Kami memperkirakan akan terjadi tren penurunan permintaan batubara di seluruh dunia mulai tahun 2024.
Tak hanya masyarakat dan pelaku usaha, negara pun dapat meraih manfaat dari ekonomi hijau. Pajak bersih atau penerimaan pajak setelah dikurangi subsidi dari ekonomi hijau dapat menyumbang Rp 80 triliun dari sebelumnya Rp 34,8 triliun yang berasal dari ekonomi ekstraktif. Peralihan ke ekonomi berkelanjutan pun mampu memberikan efek positif dari berbagai sisi, di antaranya meningkatnya partisipasi masyarakat dalam upaya transisi energi terbarukan dan berkurangnya belanja kesehatan dari berkurangnya polusi udara.
Konsumsi batubara
Laporan terpisah dari IEA telah menyebutkan, konsumsi batubara global mencapai titik tertinggi sepanjang masa pada tahun 2023. Menurut laporan mereka, konsumsi batubara, bahan bakar fosil paling kotor, secara global meningkat 1,4 persen pada tahun 2023 menjadi rekor 8,5 miliar ton. Hal ini terjadi karena peningkatan konsumsi batubara di China, India, dan Indonesia melebihi penurunan tajam permintaan di Eropa dan Amerika Serikat.
Konsumsi batubara di China sepanjang 2023 tumbuh sebesar 220 juta ton atau 4,9 persen pada tahun 2023, sedangkan di India tumbuh 8 persen dan di Indonesia sebesar 11 persen. Dengan tren ini, China tetap menjadi pengguna batubara terbesar di dunia, bertanggung jawab atas separuh (54 persen) dari seluruh batubara yang dibakar di seluruh dunia.
Di wilayah lain, penggunaan batubara turun 23 persen atau 107 juta ton di Eropa, sementara di Amerika Serikat turun 95 juta ton atau sebesar 21 persen, sebagian besar disebabkan oleh melemahnya aktivitas industri dan peralihan dari pembangkit listrik tenaga batubara ke energi terbarukan.
Sekalipun konsumsi batubara pada tahun ini mencapai rekor tertinggi, IEA memprediksi hal ini akan menurun mulai tahun 2024 mendatang.

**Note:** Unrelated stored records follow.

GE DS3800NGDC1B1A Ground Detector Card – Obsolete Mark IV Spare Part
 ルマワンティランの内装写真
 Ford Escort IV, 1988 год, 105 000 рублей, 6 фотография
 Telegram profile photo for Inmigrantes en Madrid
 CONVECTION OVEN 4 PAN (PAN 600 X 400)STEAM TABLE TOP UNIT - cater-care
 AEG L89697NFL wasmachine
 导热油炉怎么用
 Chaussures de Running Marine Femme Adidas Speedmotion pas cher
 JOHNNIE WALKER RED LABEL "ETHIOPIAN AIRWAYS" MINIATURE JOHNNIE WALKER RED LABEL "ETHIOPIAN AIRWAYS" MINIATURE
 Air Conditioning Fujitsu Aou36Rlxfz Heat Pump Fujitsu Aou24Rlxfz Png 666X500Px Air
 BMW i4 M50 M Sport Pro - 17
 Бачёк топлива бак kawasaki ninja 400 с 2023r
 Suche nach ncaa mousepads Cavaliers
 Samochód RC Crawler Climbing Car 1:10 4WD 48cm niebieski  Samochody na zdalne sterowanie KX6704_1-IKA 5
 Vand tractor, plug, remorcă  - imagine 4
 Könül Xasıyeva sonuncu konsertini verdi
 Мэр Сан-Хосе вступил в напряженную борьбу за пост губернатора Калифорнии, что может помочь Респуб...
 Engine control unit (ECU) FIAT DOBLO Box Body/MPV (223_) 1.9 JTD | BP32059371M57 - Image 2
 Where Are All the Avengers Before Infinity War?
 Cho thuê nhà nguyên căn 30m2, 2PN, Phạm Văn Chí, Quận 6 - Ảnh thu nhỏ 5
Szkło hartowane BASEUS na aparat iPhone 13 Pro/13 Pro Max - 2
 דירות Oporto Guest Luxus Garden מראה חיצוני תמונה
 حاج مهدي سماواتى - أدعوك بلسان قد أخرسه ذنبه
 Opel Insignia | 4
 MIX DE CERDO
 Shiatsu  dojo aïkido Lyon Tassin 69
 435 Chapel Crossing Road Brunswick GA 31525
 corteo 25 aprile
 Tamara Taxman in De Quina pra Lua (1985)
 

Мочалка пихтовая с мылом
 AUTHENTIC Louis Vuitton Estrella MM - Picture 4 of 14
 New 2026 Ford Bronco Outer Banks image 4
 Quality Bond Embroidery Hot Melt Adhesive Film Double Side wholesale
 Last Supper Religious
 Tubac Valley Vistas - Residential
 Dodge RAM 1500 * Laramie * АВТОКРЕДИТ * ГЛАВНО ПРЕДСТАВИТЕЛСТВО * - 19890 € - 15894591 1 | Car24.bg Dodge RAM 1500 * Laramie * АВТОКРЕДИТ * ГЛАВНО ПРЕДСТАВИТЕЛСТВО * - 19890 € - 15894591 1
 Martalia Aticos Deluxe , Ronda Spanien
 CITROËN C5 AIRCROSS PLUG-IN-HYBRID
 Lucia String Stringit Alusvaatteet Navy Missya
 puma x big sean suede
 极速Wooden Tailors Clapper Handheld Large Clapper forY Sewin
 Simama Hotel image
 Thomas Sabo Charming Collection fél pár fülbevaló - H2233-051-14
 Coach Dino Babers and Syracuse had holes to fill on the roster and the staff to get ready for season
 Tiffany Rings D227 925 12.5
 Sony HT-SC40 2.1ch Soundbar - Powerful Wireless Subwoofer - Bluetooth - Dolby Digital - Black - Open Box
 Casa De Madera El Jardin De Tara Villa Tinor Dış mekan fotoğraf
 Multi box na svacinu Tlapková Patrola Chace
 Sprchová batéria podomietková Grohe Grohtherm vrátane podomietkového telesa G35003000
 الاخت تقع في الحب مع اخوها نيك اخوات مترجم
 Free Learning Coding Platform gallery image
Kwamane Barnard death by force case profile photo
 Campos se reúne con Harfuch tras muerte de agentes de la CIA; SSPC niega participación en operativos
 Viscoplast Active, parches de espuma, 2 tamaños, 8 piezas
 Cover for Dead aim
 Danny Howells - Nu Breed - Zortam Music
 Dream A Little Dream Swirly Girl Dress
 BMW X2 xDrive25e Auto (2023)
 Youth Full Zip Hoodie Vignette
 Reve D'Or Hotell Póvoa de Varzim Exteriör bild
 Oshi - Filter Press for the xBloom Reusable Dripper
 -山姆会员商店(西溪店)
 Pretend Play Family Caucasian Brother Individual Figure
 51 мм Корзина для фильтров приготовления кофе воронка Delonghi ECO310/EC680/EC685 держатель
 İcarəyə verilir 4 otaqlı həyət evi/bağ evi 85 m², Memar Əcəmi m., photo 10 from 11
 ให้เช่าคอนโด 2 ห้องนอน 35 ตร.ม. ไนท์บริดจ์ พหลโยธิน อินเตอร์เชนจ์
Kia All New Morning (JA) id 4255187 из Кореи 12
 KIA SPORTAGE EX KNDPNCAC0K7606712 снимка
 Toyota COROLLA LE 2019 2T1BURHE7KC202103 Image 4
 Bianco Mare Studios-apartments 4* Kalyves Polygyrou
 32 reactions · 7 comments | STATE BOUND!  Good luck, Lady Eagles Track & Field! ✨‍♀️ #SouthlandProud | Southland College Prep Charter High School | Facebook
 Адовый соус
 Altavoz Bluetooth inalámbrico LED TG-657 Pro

Kondisi tersebut menyusul berakhirnya perundingan iklim PBB (COP28) di Dubai, Uni Emirat Arab, di mana hampir 200 negara mencapai kesepakatan bahwa dunia harus ”beralih dari bahan bakar fosil” untuk membatasi pemanasan global.
Ini adalah pertama kali dalam 28 tahun sejarah perundingan iklim tahunan di mana semua bahan bakar fosil disebutkan dalam sebuah kesepakatan. ”Kami memperkirakan akan terjadi tren penurunan permintaan batubara di seluruh dunia mulai tahun 2024,” sebut IEA.
Menurut laporan ini, lebih dari 60 persen batubara yang dibakar di China digunakan untuk menghasilkan listrik dan negara tersebut terus membangun pembangkit listrik tenaga batubara. Tahun ini saja, negara ini telah menyetujui proyek-proyek baru dengan total kapasitas pembangkit listrik baru sebesar 52 gigawatt.
Namun, IEA memperkirakan konsumsi batubara di China akan mulai menurun, kecuali jika gelombang panas dan musim dingin menyebabkan peningkatan permintaan terhadap pembangkit listriknya. Penggunaan batubara untuk menghasilkan listrik akan menurun di China menjadi 2,8 miliar ton, turun sebesar 175 juta ton, selama periode 2024-2026.
Namun, sebagai gantinya, permintaan utama batubara akan datang dari India, setidaknya hingga tahun 2026. Selain itu, Indonesia juga bisa terus tumbuh menjadi produsen dan konsumen batubara, kecuali ada upaya percepatan transisi energi.